A queda no tráfego ocorreu, ele sustenta, porque as mensagens de flerte e os "curtir" dos bots em perfis de participantes reais, no site antigo, criavam uma falsa sensação de intimidade e movimento.

"O amor estava no ar", diz Rudder. "Amor robotizado".

Rudder acrescentou que os programadores do OkCupid estão tentando criar bots para flertar com os bots invasores, conduzindo-os a uma sala especial, "uma espécie de purgatório", onde eles conversariam uns com os outros, em lugar de iludir os usuários humanos.

Anunciantes e grupos políticos também participam desse jogo de robôs.

No ano passado, pesquisadores do Health Media Collaboratory, da Universidade de Illinois em Chicago, constataram que cigarros eletrônicos estavam sendo pesadamente divulgados na mídia social em larga medida pela ação de bots, que espalhavam mensagens sobre o uso do produto por pessoas que desejavam parar de fumar cigarros comuns.

SEM REGULAÇÃO

Em 2010, pesquisadores do Truthy, na Universidade de Indiana, descobriram diversas contas de Twitter enviando mensagens duplicadas e reproduzindo tuítes de algumas poucas contas, em uma rede estreitamente conectada.

Duas dessas contas, por exemplo, enviaram 20 mil tuítes semelhantes, a maioria dos quais exibia links ou fazia promoção do site de John Boehner, então líder da minoria na Câmara dos EUA, antes das eleições legislativas daquele ano.

Boa parte da mídia social continua desregulamentada, sob as leis de financiamento e transparência de campanha.

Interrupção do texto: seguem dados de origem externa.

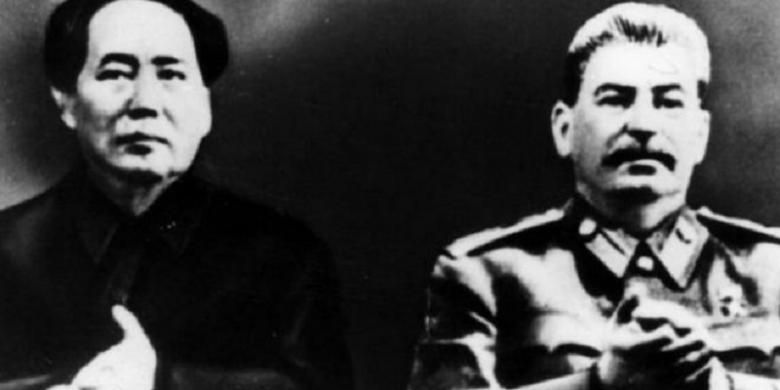 Mao Zedong dan Stalin, dua pemimpin dunia komunis paling kuat pada masanya.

Até o momento, a Comissão Eleitoral Federal americana reluta em ingressar nesse terreno.

Mas os bots provavelmente ingressarão no nosso terreno, disse Tim Hwang, cientista-chefe da Pacific Social Architecting Corporation, que cria bots e tecnologias que podem orientar o comportamento social."Nossa visão é que no futuro próximo autômatos serão capazes de atrair multidões, abrir contas bancárias, escrever cartas", ele diz, "tudo por meio de prepostos humanos".